Elite Integrity Services is a name that describes the purported quality of the company’s work and the way it aims to do business, but it doesn’t shed much light on what it actually does.
Still, ask most people in the Canadian oil industry and they’ll be well aware of the company’s work. Ever since 2010, the Calgary-based firm has been constructing and repairing above-ground oil storage tanks, working diligently to make sure the all-important equipment is safe and secure.
The work is technical and the timelines are short: clients want their tanks up and running as quickly as possible without having to worry about safety hazards. Elite’s in-house engineers and draftspeople are called out to tanks across B.C., Alberta and Saskatchewan throughout the year.
The company has forged its reputation on reliability, according to president Shawn Kirwan—and that has come from avoiding the temptation to overextend itself. “What sets us apart in our industry is that our clients know we don’t take on more than we’re capable of,” he says. “In our industry, there’s a lot of over-promising and under-delivering. Many of our clients start working with another company, and when that provider doesn’t deliver, we get the call and do it right.”
Another differentiator is Elite’s investment in the quality of life of its employees, which Kirwan says is essential to both worker retention and vocational safety. Oil tank repair can be tiring, difficult work, and workplace accidents are a real concern. The company holds regular town halls to hear from employees, and frequently hosts camping events, hockey tournaments and other team-building exercises. These activities also reinforce that the company wants its people to be well-rested, to have good work-life balance, and to be as healthy as possible—rare priorities in an industry defined by long hours, cold temperatures and hard labour. “Quality of life impacts safety. We want our people to be happy and healthy on the job,” Kirwan says. “We don’t have much turnover; most of our guys have been here since day one. We tell them, ‘We hire you and retire you.’ ”

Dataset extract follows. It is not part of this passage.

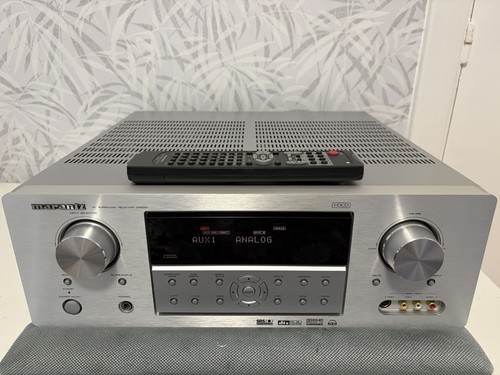 Marantz zr6001 av surround - zr6001,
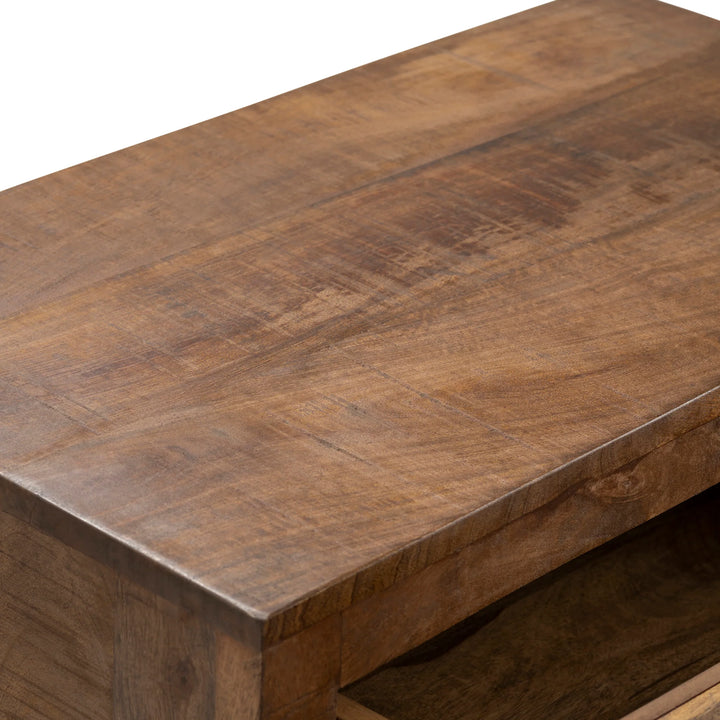 Ft. Worth Chest - AmericanHomeFurniture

To fill periodic labour shortages, Elite opts to invest in promising candidates, even if they might need further education to take on the role. “We had an agency manager who was the brother of a field foreman,” recalls Kirwan (it’s not uncommon for current Elite employees to recruit friends or family members). “When he joined the team, he didn’t have all the proper training he needed, but we could tell from his attitude and enthusiasm he was the right person for the job. We helped put him through school, and now he’s thriving in the role. I’d say that’s an example of how we elevate people.”